Sul tema, spiega Leoni, “abbiamo già allertato il Ministero dell’Ambiente e della Sicurezza Energetica, ma al momento – dice – le soluzioni restano due: andare in discarica o andare all’estero. Nel primo caso – spiega – non si raggiungono i target europei. Nel secondo, invece, si impongono agli operatori costi che non sono remunerati dalla vendita dei materiali ricavati dalla frantumazione”. Costi, quelli per il recupero energetico all’estero, che incluse le spese di trasporto si aggirano oggi intorno ai 250 euro la tonnellata e che, dicono i frantumatori, dovrebbero essere a carico dei produttori di veicoli, quindi delle case auto, nel rispetto del principio della responsabilità estesa. Un principio che la nuova proposta di regolamento sui veicoli a fine vita, in discussione in Ue, punta a rafforzare, attribuendo tra l’altro proprio alle case auto un ruolo più centrale, anche in termini di impegno economico, nella gestione del fine vita dei veicoli. Sarà d’aiuto per l’Italia oppure no? “Bisogna fare in modo che il meccanismo della responsabilità estesa venga a coprire i costi ulteriori di trattamento“, chiarisce Leoni. Nel caso del ‘car fluff’, alla luce dell’inadeguatezza del parco impiantistico, “occorre dare copertura ai costi di esportazione all’estero“, chiarisce.
Nel complesso, la proposta di regolamento – che dopo la pausa estiva tornerà al centro dei lavori di Consiglio e Parlamento – introduce diverse innovazioni che potrebbero venire incontro alle esigenze dell’Italia “come l’obiettivo del 25% di riciclo della plastica o la spinta ad aumentare il reimpiego di determinati componenti, che potrebbero sottrarre dal ‘car fluff’ una parte di materiali”, dice Leoni, e quindi aumentare le percentuali di riciclo e reimpiego e ridurre le quantità di fluff da recuperare.

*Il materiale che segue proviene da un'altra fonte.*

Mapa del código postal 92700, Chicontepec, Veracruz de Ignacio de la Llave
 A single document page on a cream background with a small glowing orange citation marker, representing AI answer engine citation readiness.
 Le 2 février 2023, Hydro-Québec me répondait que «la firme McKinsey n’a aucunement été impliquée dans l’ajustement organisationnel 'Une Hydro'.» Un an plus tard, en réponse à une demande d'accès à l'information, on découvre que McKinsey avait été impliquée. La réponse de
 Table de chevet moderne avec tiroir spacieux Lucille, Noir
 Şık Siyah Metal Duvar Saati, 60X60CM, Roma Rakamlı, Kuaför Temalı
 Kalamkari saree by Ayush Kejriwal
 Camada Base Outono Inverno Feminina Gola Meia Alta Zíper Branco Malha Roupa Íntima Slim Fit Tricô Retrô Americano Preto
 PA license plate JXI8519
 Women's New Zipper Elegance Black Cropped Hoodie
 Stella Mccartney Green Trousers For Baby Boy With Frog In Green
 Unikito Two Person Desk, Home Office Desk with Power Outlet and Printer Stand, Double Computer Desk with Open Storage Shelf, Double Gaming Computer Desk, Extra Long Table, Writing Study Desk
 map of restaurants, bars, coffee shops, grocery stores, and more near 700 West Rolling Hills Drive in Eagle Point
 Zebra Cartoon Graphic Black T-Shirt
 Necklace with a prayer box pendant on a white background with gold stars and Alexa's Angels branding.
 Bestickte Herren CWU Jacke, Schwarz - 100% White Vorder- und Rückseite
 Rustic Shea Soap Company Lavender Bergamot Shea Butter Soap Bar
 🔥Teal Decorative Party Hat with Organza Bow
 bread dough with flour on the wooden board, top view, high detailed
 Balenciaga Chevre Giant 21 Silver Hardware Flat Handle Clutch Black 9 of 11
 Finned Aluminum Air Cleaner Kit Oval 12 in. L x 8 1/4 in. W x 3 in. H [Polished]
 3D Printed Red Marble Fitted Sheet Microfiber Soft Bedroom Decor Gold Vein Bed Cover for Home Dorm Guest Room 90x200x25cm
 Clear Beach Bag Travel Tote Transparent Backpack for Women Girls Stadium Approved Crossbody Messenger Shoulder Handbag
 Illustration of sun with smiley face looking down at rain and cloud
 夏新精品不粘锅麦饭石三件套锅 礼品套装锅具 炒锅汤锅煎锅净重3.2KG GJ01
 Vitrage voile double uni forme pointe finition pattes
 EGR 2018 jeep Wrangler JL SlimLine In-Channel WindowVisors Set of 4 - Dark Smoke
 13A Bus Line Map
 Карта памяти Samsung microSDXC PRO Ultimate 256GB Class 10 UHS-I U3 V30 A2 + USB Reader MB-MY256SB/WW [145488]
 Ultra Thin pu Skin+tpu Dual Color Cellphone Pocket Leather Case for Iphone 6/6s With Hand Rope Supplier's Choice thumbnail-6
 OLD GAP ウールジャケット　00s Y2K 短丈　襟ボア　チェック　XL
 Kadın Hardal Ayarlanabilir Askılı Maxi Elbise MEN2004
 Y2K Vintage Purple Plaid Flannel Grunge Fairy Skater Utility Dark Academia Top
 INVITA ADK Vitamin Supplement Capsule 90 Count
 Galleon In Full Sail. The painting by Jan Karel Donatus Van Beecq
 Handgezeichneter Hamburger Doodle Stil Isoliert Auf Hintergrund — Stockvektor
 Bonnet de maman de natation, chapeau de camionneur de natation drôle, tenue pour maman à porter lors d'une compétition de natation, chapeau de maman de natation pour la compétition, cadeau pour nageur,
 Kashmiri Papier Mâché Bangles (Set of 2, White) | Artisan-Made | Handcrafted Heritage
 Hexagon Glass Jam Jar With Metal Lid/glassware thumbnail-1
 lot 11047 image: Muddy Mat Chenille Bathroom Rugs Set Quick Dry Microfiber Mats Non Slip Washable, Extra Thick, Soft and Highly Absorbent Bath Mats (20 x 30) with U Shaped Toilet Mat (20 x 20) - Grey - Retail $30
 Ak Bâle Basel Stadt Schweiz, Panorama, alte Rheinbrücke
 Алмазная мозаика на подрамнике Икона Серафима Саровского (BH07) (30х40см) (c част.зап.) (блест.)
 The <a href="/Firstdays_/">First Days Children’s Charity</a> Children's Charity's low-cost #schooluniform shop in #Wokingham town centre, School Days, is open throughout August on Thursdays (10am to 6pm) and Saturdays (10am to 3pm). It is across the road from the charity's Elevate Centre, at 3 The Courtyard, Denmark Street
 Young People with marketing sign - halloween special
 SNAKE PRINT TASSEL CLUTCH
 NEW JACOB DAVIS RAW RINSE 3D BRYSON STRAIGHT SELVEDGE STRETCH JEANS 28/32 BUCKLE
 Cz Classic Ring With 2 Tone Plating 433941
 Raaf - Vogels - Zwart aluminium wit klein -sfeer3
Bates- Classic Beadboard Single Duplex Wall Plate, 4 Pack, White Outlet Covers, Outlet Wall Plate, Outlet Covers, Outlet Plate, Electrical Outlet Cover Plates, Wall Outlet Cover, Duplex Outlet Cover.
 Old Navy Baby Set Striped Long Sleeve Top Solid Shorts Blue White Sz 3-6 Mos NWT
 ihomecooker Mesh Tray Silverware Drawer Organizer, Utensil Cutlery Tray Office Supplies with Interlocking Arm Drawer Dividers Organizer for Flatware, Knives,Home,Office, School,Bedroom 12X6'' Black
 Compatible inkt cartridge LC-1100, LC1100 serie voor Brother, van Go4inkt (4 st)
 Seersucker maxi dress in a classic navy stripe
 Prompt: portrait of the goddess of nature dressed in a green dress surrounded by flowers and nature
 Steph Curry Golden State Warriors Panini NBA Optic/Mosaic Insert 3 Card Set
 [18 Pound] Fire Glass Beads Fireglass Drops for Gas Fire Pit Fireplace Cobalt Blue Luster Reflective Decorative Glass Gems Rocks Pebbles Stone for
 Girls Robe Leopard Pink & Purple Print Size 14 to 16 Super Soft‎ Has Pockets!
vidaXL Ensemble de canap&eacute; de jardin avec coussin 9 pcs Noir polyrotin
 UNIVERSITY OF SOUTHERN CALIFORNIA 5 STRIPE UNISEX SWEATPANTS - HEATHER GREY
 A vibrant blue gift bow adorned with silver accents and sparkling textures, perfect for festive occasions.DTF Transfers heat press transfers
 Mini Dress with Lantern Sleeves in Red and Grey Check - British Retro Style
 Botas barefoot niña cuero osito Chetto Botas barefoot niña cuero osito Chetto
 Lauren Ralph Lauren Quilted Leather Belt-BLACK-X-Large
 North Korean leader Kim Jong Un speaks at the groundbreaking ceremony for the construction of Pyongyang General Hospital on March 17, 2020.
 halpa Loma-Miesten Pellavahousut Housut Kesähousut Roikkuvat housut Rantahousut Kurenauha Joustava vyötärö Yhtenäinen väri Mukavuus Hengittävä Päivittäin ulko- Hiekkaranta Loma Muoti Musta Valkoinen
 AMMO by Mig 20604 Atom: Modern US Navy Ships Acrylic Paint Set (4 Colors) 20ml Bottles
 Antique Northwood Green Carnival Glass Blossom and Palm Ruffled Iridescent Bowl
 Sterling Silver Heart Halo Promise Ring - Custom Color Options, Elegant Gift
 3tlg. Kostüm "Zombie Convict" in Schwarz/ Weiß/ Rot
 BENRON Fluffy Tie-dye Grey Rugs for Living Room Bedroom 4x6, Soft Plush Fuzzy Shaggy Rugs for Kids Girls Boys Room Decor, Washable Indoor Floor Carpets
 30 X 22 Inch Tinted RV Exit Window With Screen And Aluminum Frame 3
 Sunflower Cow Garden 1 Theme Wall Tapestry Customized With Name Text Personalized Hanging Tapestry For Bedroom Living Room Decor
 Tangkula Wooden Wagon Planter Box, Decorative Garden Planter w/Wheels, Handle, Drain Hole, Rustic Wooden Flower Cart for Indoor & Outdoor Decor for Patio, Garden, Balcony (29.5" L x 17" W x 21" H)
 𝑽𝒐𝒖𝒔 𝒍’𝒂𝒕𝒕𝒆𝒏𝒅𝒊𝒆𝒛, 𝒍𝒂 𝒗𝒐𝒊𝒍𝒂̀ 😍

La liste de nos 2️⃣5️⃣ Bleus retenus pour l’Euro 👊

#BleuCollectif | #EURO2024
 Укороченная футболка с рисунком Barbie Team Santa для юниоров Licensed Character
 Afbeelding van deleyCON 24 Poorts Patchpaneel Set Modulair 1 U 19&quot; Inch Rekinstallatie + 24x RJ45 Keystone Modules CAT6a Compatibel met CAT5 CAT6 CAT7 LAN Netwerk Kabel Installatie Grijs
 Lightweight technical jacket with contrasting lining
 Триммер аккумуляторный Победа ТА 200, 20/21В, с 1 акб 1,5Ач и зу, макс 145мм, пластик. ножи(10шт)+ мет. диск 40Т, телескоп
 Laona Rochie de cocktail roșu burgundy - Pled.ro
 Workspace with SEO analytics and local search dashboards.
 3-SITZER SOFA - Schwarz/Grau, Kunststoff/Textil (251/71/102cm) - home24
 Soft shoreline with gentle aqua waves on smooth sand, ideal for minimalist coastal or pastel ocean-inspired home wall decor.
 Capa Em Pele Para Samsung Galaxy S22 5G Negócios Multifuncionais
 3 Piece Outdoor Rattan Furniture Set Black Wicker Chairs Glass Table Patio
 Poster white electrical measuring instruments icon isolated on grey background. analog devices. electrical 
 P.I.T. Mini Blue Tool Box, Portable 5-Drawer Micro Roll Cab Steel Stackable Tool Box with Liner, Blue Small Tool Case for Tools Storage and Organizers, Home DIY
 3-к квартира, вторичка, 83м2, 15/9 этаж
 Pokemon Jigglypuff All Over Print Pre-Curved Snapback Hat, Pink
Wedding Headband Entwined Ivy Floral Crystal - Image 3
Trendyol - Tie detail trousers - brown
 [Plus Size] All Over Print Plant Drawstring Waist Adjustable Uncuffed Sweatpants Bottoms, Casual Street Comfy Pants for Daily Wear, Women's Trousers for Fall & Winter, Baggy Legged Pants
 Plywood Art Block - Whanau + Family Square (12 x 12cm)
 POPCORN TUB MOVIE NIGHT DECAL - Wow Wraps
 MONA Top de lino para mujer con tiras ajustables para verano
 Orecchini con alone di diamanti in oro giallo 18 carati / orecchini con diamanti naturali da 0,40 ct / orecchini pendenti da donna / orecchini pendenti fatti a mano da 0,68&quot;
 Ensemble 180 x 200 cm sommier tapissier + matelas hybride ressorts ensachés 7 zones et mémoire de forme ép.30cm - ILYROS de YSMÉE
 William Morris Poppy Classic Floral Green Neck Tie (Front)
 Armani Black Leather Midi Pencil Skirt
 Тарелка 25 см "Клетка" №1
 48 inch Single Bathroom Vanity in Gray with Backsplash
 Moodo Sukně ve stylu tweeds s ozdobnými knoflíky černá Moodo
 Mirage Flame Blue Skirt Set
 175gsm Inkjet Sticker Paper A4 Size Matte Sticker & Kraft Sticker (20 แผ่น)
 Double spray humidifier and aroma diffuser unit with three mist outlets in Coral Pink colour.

Nello stesso spirito la proposta prevede di introdurre, entro tre anni dall’entrata in vigore del regolamento, il divieto di smaltimento in discarica dei residui che non siano prima stati sottoposti a un trattamento avanzato post frantumazione. Una previsione che gli Stati membri sembrano decisi a rafforzare alzando sensibilmente l’asticella della qualità dei processi. “Gli ultimi emendamenti proposti dalla presidenza belga del Consiglio europeo – chiarisce Leoni – fissavano dei valori limite per i componenti presenti nel ‘car fluff’ in uscita dagli impianti che, guarda un po’, possono essere rispettati solo utilizzando una tecnologia che oggi appartiene a un unico attore in Europa. Abbiamo chiesto al governo di intervenire per bloccare questa proposta e garantire agli operatori la piena libertà di scegliere la tecnologia più adatta a ridurre il ‘car fluff'”.